I have autographs from members of the crews of the Sammy B, Hoel and Johnston.



The Battle of Leyte Gulf is a study in never giving up.


absolute definition of initiative and violence of action





 
Link Posted: 10/26/2010 6:08:13 PM EDT
Taffy Three engaging Kurita's surface force.  

The carrier being bracketed is USS Gambier Bay.  Columns reaching the top of the flight deck 8" shells from the cruisers.   Columns 3 times the mast height are 18" rounds from Yamato (whose displacement exceeded the combined tonnage of all 13 ships in Taffy 3).

Link Posted: 10/26/2010 6:23:23 PM EDT
GO NAVY

Link Posted: 10/26/2010 6:26:04 PM EDT
I'm sorry, 'Taffy Three'?  Could they have picked a gayer name?  Was 'Rampage Three' taken?
Link Posted: 10/26/2010 6:33:00 PM EDT
Their action made the name reverent. Don't mess with it.
Link Posted: 10/26/2010 6:34:39 PM EDT
Originally Posted By raven:
I'm sorry, 'Taffy Three'?  Could they have picked a gayer name?  Was 'Rampage Three' taken?


it is a contraction of Task Unit 77. 4. 3
Link Posted: 10/26/2010 6:41:06 PM EDT
[Last Edit: 10/26/2010 6:44:49 PM EDT by Ming_The_Merciless]
The lore of Taffy Three is that One of the old salt chief petty officers shouted out.

Hold On Boys!  It won't be long now...  We are getting those poor Jap bastards right where we want them - into 20mm range now.  Give 'em Hell!

Having been on destroyer escort (amazing how small the are. - Also pretty slow & lightly built too!) to imagine charging against a fleet of Japanese Battleships & Cruisers (4 battleships and 8 cruisers!!) is just mind blowing brave.

This example should be required in our history so students learn what bravery, sacrifice and honor are all about!

Link Posted: 10/26/2010 6:43:34 PM EDT
Originally Posted By sjuhockey10:
I like this:


2. The effectiveness of the Japanese gunnery was not impressive. While they were good enough to sink us, with gunfire they had available, our staying afloat as long as we did is nothing short of remarkable.


"Yeah, they sank our shit, but they sucked ass doing it."



I also like this attitude.  It says you might kick my ass but its gonna  HURT!
Link Posted: 10/26/2010 6:44:49 PM EDT
"The Last Stand of the Tin Can Sailors", by Jim Hornfischer

That was an awesome book!  An unbelievably lopsided battle.
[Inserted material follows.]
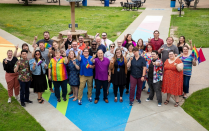 Members of the LGBTQ Faculty and Staff Association pose for a photo at Progress Pride Paths. Photo: Meredith Forrest Kulwicki. 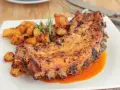 Costillas al horno con patatas doradas y romero fresco. Un plato jugoso y lleno de sabor.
Every one of those guys on the destroyers and destroyer escorts (and the pilots off the jeep carriers) of Taffy 3 are heros.
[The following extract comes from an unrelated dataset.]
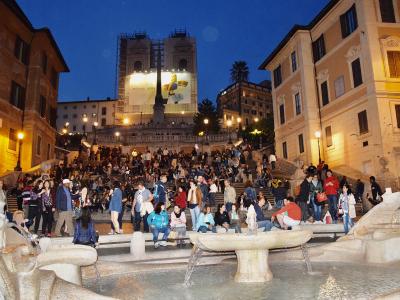 A wide-angle night view of a massive, crowded stone staircase leading up to a church facade covered in scaffolding and a large "MICHAEL KORS" advertisement, with a fountain in the immediate foreground.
Thanks for the reminder of the anniversary.
Link Posted: 10/26/2010 6:50:22 PM EDT
[Last Edit: 10/26/2010 7:12:22 PM EDT by callgood]
Originally Posted By Warspite:
Originally Posted By 1911SFOREVER:
Hornfischer is publishing a book about the Guadalcanal campaign in January. I will have a copy.
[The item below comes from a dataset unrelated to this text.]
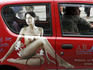 Man driving car with advertisement on Krakow Street.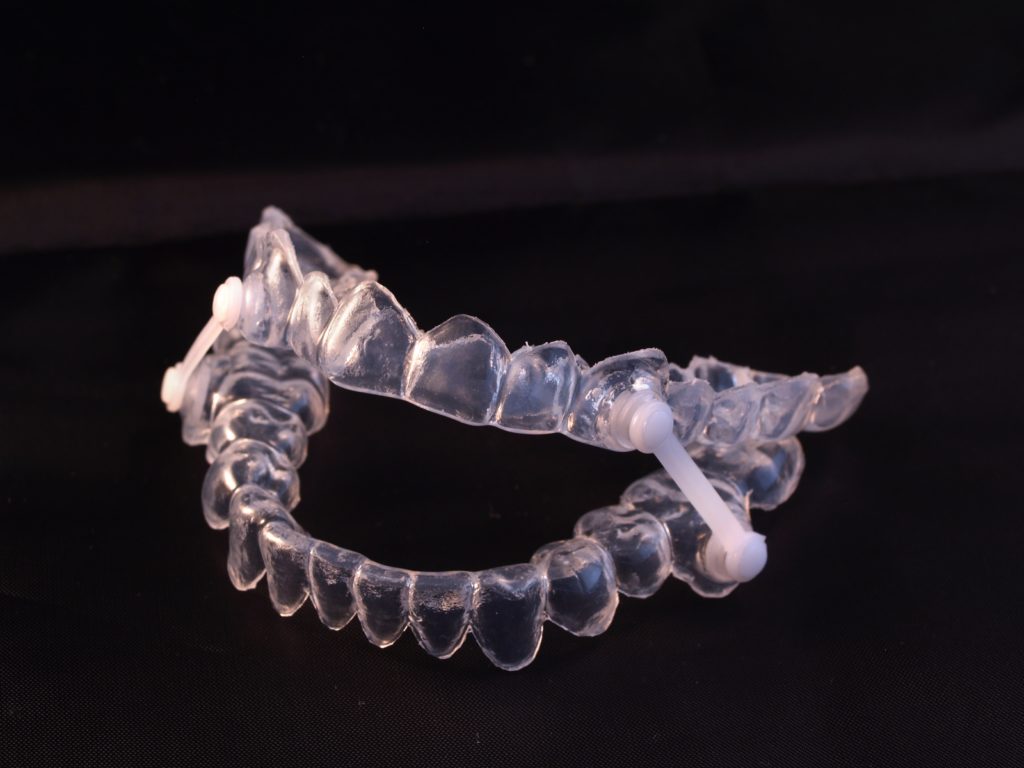 Clear Custom Sleep Apnea Device on black background from Capital Dental Lincoln Nebraska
John Wukovitz is writing a book about the Sammy B right now and will be out in 2012.

I have autographs from members of the crews of the Sammy B, Hoel and Johnston.

The Battle of Leyte Gulf is a study in never giving up.


Along those lines, on 26 October, '42-  Battle of the Santa Cruz Islands, American carrier Hornet sunk.

Damage to the smokestack and signal bridge of USS Hornet (CV-8) after it was struck by a crashing Japanese dive bomber, during the morning of 26 October 1942. Smoke at bottom is from fires started when the plane subsequently hit the flight deck. Note ship's tripod mast, with CXAM radar antenna in top left and the flag still flying above the damaged structure.


October 26 1942, Hornet fatally wounded and listing hard to Starboard. The destroyer is taking off her crew.



Link Posted: 10/26/2010 6:53:33 PM EDT
It was FO .
Link Posted: 10/26/2010 7:07:34 PM EDT
Originally Posted By Nick710:
Originally Posted By PlaneJane:
Originally Posted By Nick710:
Ernest Evans is from Pawnee, Oklahoma over in the next county. Unfortunately, there's not much of a monument to him over there.

What the hell is wrong with those people?  That guy got The Medal for crossing the T on a line of IJN cruisers with an already shot to shit destroyer.  People who just won't quit are a really emotional thing for me; I can't think about Ernest Evans for more than a couple seconds before I start to tear up.

Jane



My thoughts exactly Jane. There should be a huge memorial just to him. There is a war memorial, and his name in on a brick in the ground as a MOH recipient, but that's all I could find.


Do you know what cemetery he is at?  I'd like to stop by and see it.